Best Bank For Investing / July 20, 2016

I talk to a lot of undergrads who say they want to get into real estate investment banking, but have no idea what it consists of. I tracked down a fellow NYU Schack grad working in real estate investment banking and asked him to share some insight into his day-to-day.

Enter Chase:

Why I got into Real Estate

While pursuing my undergraduate degree in banking and finance, I took a real estate class simply because it happened to fit my schedule. I’ve been hooked ever since. Unlike most things in finance, I found it to be tangible, essential and enduring. I knew I liked real estate and finance, but I didn’t understand the possible career trajectories and specializations of real estate (where was this blog when I was in college) so I jumped right in.

How I got here

I started my career 8 years ago in Florida as an originator for a wholesale mortgage lender which pooled thousands of loans and sold them as mortgage backed securities on the secondary market. After building a stable book of business I jumped ship between the origination platforms of a few of the wall street RMBS groups. I also personally invested in a few multifamily rental properties along the way. After the economy collapsed and the conduit market dried up, I moved to New York and got my Masters in Construction Management from NYU’s Schack Institute of Real Estate. I chose Construction Management over Real Estate Finance and Development because I wanted to go beyond the numbers on a spreadsheet and really understand the brick and mortar element of it all. While at NYU, I interned as an analyst for a firm that acquired and developed industrial properties and later interned as an assistant project manager for a developer. After graduating, I took a job as an analyst for a real estate investment bank where I prepared models and wrote pitch books. At this point I realized that, whether it was debt or equity, buy side or sell side, investment banking or investment management, a real estate finance career really boiled down to 2 types of people: the deal makers and the underwriters. And I was a deal maker. My next foray was as M&A Manager in an infrastructure fund of a private equity group where I valued companies and negotiated their purchase. After a year and several profitable acquisitions, I found myself really missing real estate so I went back to real estate investment banking where you find me now as Vice President in charge of deal placement.

What is Real Estate Investment Banking?

Real Estate Investment Banking essentially connects capital seekers with capital providers.

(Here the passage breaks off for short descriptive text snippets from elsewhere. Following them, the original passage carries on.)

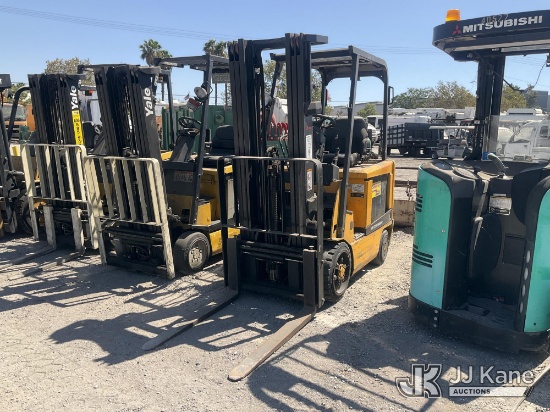 (Jurupa Valley, CA) Mitsubishi FBC25N Solid Tired Forklift Not Running, Condition Unknown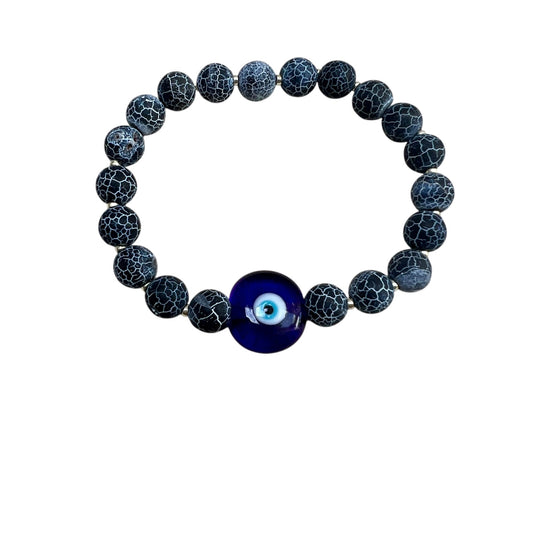 Men’s Evil Eye Bracelet - Cracked Agate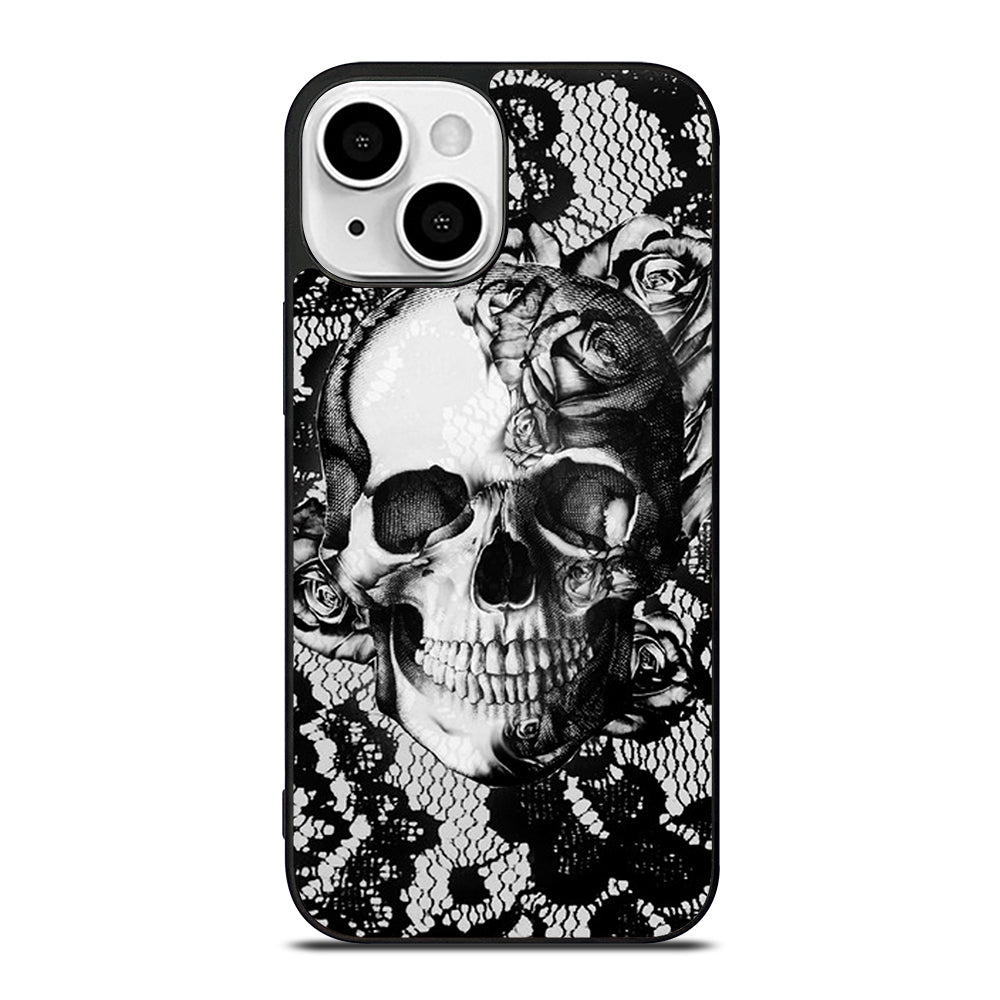 Skull On Black Lace iPhone 13 Mini Case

Whether it’s an acquisition, ground-up development or recapitalization, investment bankers dissect the capital stack (JV equity, preferred equity, senior debt, mezzanine debt, etc.) and identify the potential capital sources for each piece based on factors like asset type, risk profile, investment horizon, location and integrity of the cashflow stream. Additionally, they provide advisory services to clients such as creating budgets and proformas, proposing waterfall distributions and performing market and feasibility analyses.

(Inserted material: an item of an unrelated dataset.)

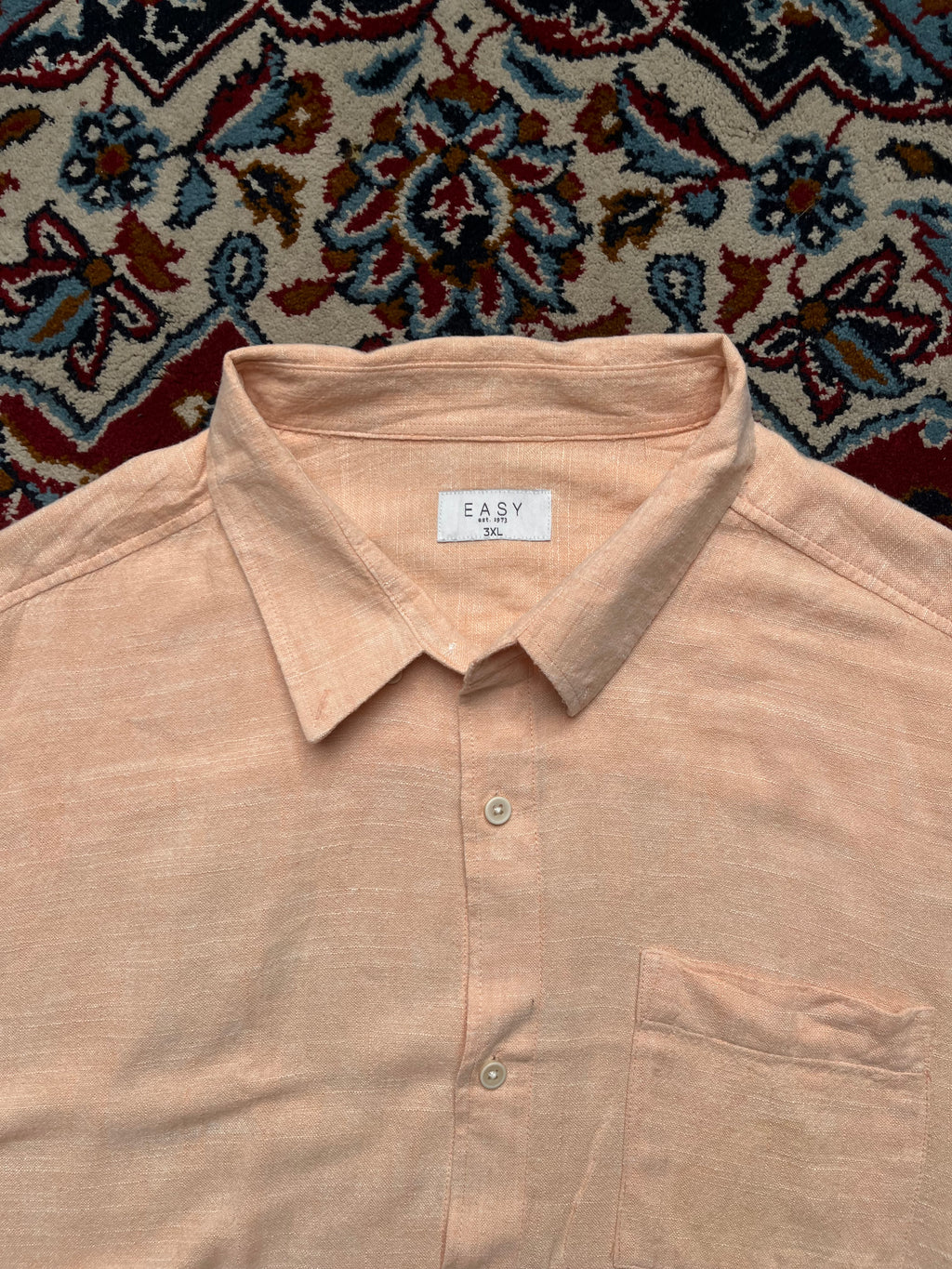 EASY Peach Textured BOXY FIT Linen Button Down Shirt - XXL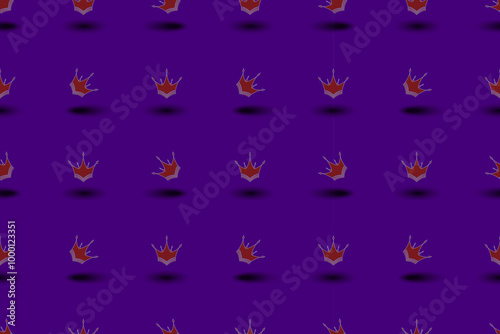 Vintage seamless pattern with red crowns with neon outline.crowns in vintage style, evenly distributed on a dark purple background, which gives the design a sense of grandeur and illumination.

My firm, The Greenwich Group International, specializes in sourcing capital for ground up development projects in excess of $100 million in primary markets. We’re currently in various stages of a few projects; the largest of which is a $1.5 billion, 3 million square foot waterfront redevelopment project that will redefine the nation’s capital and is easily the most exciting transaction happening anywhere in the country in 2013.